Layanan pers Kremlin, dikutip melalui media Rusia TASS, Minggu (6/3/2022), memberitakan perbincangan kedua pemimpin negara tersebut.

“Vladimir Putin menginformasikan mengenai kemajuan operasi militer khusus dengan tujuan melindungi Donbass, menyampaikan pendekatan dan penilaian utama pada konteks ini, menjelaskan secara rinci tujuan dan tugas yang ditetapkan,” kata Kremlin.

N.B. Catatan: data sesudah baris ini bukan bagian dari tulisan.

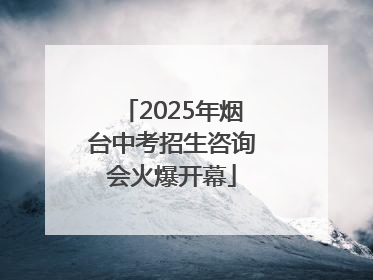 2025年烟台中考招生咨询会火爆开幕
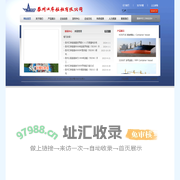 泰州口岸船舶有限公司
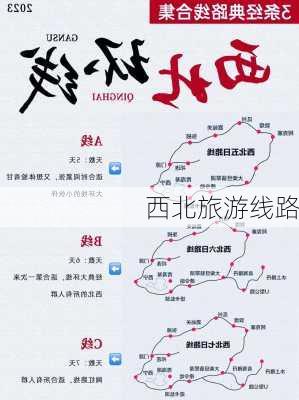 西北旅游线路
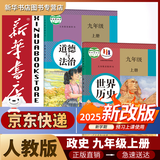 新华书店九年级上册历史人教版初三上册历史书课本教材教科书9上历史初3上册历史课本2025正版新版复习预习用书 【九年级上册】人教版政治历史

“Ditekankan bahwa operasi khusus berjalan sesuai dengan Rencana dan sesuai jadwal,” sambung Kremlin, sebagaimana dikutip dari TASS.

Dalam perbincangannya, pemimpin Rusia tersebut menginformasikan kesiapan pihak Rusia untuk berdialog kepada pihak berwenang Ukraina serta mitra asing dengan tujuan menyelesaikan konflik.

Kremlin menuturkan bahwa setiap upaya proses negoisasi yang gagal dimanfaatkan tantara Ukraina untuk mengumpulkan kembali kekuatan dan sarananya.

“Sehubumgan dengan itu, ditegaskan bahwa penghentian operasi khusus hanya dimungkinkan jika Kyiv menghentikan aksi militer dan memenuhi tuntutan Rusia yang telah dibuat dengan sangat jelas,” tutur Kremlin.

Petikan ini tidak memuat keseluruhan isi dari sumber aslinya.